Wenn man auf dem Saarbrücker Hauptfriedhof gleich nach dem Haupteingang rechts dem Weg folgt, trifft man auf ein Ensemble von oberirdischen Grabkammern. Sie sehen für hiesige Verhältnisse ungewöhnlich aus: Es handelt sich nicht um Urnenwände, sondern um ein System mit jeweils 16 große Kammern, in denen Verstorbene in Särgen beigesetzt werden. So ist es in einigen Regionen Italiens üblich. Und so waren es auch in Saarbrücken lebende Italiener, die sich vor einigen Jahren diese Möglichkeit der Bestattung für ihre alt gewordenen Angehörigen gewünscht haben. Die Nachfrage war so groß, dass binnen kürzester Zeit nachgebaut werden musste. Bei schönem Wetter kann man beobachten, wie sich rund um diese Grabanlagen, die reichlich mit Schmuck, Inschriften, Fotos und Kerzen verziert sind, ganze Familien treffen, um ihre Toten zu besuchen, den Blumenschmuck in Ordnung zu bringen – und ein Schwätzchen zu halten. Manche bringen sogar Campingstühle dafür mit. Es ist eine lebendige Trauerkultur, in vertrauter Nähe zu den Toten.

Es sind aber nicht nur die ein wenig exotisch anmutenden italienischen Grabkammern oder die steigende Zahl der muslimischen Grabfelder, die auf Veränderungen auf unseren Friedhöfen hinweisen. Wer aufmerksam über die Saarbrücker Friedhöfe geht, wird wahrnehmen, wie vielfältig die Grabstätten geworden sind.

Die Bestattungskultur hat sich in ganz Deutschland in den letzten zwanzig Jahren radikal verändert. Neben der Beisetzung auf dem Friedhof haben sich See- und Luftbestattungen weiter etabliert ebenso wie Friedwälder und Urnenhallen. Und der Trend zum kreativen Umgang mit Trauer, Sterben und Tod hält an. Immer mehr Menschen suchen entsprechend persönlicher Merkmale – also Herkunft, Alter, Geschlecht, Religion, Weltanschauung und sexueller Identität – neue Möglichkeiten, ihren letzten Weg aktiv mitzugestalten.

Der Kultur- und Archäologiehistoriker Reiner Sörries beschäftigt sich seit vielen Jahren mit dem Wandel der Bestattungskultur.

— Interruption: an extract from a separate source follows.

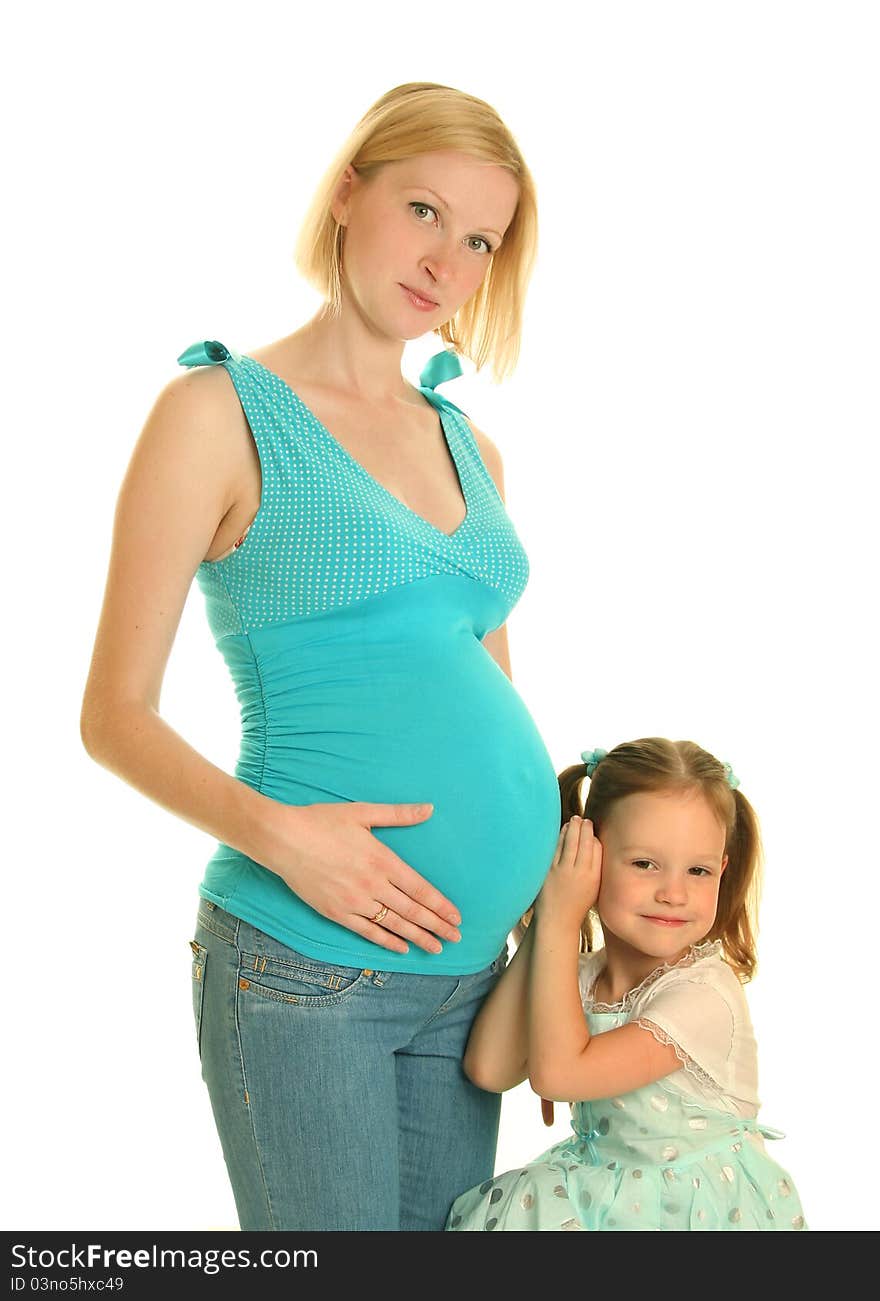 Cute girl embracing her pregnant mother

In seinem neuen Buch „Ein letzter Gruß“ beschreibt er neue Formen der Bestattungs- und Trauerkultur. Er zeigt, welches Potenzial eine plurale Gesellschaft auch im Hinblick auf den letzten Weg entfalten kann. So beschreibt er, dass ältere Menschen mitunter andere Bestattungswünsche haben als jüngere, Frauen andere als Männer.  Außerdem zeichnet er nach, dass viele Veränderungen in der Bestattungskultur aus der Not von AIDS-Kranken und ihren Freunden geboren wurden, die Ausgrenzung bis in den Tod hinein erlebt haben. Aus der AIDS-Szene heraus sind neue Formen der Trauerfeier entstanden, die auch Impulse für andere Gruppen gesetzt haben, und Patenschaften für Grabstellen, die nicht mehr nur Ruhestätten sind, sondern Bekenntnisorte gegen Diskriminierung. Reines Sörries tritt in seinem Buch überzeugend und ermutigend für eine offene, vielfältige Gesellschaft ein, die diese Vielfalt von der Wiege bis zur Bahre lebt und feiert.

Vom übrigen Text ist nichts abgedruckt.